Re: How is __consumer_offsets partitioned?

Posted by James Olsen <ja...@inaseq.com>.
If it's of any value to you, we use the following test to check that we have a well balanced set of consumer group ids.  Note that in the code, ConsumerGroups.ALL_GROUPS is simply a list of all our consumer group ids.  Spreading the offset commit load across these partitions evenly helps in levelling the load on your Brokers.  But beware of changing your group ids in an active system - you'll need to migrate carefully and prime the new offsets in the renamed group if you wish to avoid message replay (depending on your config).

import java.util.HashSet;
import java.util.Set;

import org.apache.kafka.common.utils.Utils;
import org.junit.jupiter.api.Assertions;
import org.junit.jupiter.api.Test;
import org.slf4j.Logger;
import org.slf4j.LoggerFactory;

class ConsumerGroupsTest {

	private static final Logger LOG = LoggerFactory.getLogger(ConsumerGroupsTest.class);

	/* Per Kafka Docs. */
	private static final int KAFKA_OFFSET_PARTITION_COUNT = 50;

	@Test
	void distinctConsumerOffsetPartitions() {
		boolean hasDuplicates = false;
		Set<Integer> usedPartitions = new HashSet<>(KAFKA_OFFSET_PARTITION_COUNT);
		for (String group : ConsumerGroups.ALL_GROUPS) {
			int partition = getConsumerOffsetPartition(group);
			hasDuplicates = !usedPartitions.add(partition) || hasDuplicates;
		}
		/*
		 * NB: It is not an absolute requirement to have no clashes. It's simply desirable.
		 */
		Assertions.assertFalse(hasDuplicates,
				"Multiple Consumer Groups map to same offsets partition.  See prior log output.");
	}

	private int getConsumerOffsetPartition(String group) {
		final int partition = Utils.abs(group.hashCode()) % KAFKA_OFFSET_PARTITION_COUNT;
		LOG.info("{} --> {}", group, partition);
		return partition;
	}

}


> On 4/09/2021, at 15:30, Luke Chen <sh...@gmail.com> wrote:
> 
> Hi Michał,
> Internally, Kafka uses "*consumer group ID*" as the key to decide which
> __consumer_offsets partition to be used.
> The code is like this:
> 
> `Utils.abs(groupId.hashCode) % groupMetadataTopicPartitionCount`
> 
> You can check the `partitionFor` method in GroupMetadataManager class.
> 
> Hope that helps.
> 
> Thank you.
> Luke
> 
> On Fri, Sep 3, 2021 at 11:57 PM Michał Łowicki <ml...@gmail.com> wrote:
> 
>> Hey,
>> 
>> Could someone please point me to the code / doc where I can find
>> information what is used as key and how messages are spread across
>> partitions for this internal topic?
>> 
>> --
>> BR,
>> Michał Łowicki
>> 


Re: How is __consumer_offsets partitioned?

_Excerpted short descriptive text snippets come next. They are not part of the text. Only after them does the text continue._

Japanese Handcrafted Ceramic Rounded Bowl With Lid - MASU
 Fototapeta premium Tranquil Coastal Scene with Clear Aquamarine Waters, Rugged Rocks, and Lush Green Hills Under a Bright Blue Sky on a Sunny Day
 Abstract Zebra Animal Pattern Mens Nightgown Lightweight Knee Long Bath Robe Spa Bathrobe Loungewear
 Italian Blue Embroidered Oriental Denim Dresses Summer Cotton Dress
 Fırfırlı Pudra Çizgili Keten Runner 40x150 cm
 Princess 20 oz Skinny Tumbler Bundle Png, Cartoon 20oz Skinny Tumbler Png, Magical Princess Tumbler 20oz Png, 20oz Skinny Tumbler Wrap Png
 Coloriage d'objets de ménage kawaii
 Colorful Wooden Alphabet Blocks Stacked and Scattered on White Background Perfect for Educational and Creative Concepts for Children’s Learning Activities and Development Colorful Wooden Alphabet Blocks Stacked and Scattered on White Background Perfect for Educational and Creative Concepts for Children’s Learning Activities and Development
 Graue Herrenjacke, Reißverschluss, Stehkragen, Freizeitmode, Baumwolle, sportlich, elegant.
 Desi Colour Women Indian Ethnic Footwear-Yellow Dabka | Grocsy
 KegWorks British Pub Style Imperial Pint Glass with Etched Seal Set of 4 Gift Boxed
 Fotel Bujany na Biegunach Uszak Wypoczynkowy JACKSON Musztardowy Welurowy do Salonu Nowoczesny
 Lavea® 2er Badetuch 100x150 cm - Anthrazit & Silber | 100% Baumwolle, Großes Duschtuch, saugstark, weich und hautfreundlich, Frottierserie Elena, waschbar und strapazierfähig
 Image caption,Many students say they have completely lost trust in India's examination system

Posted by Luke Chen <sh...@gmail.com>.
Hi Michał,
Internally, Kafka uses "*consumer group ID*" as the key to decide which
__consumer_offsets partition to be used.
The code is like this:

`Utils.abs(groupId.hashCode) % groupMetadataTopicPartitionCount`

You can check the `partitionFor` method in GroupMetadataManager class.

Hope that helps.

Thank you.
Luke

On Fri, Sep 3, 2021 at 11:57 PM Michał Łowicki <ml...@gmail.com> wrote:

> Hey,
>
> Could someone please point me to the code / doc where I can find
> information what is used as key and how messages are spread across
> partitions for this internal topic?
>
> --
> BR,
> Michał Łowicki
>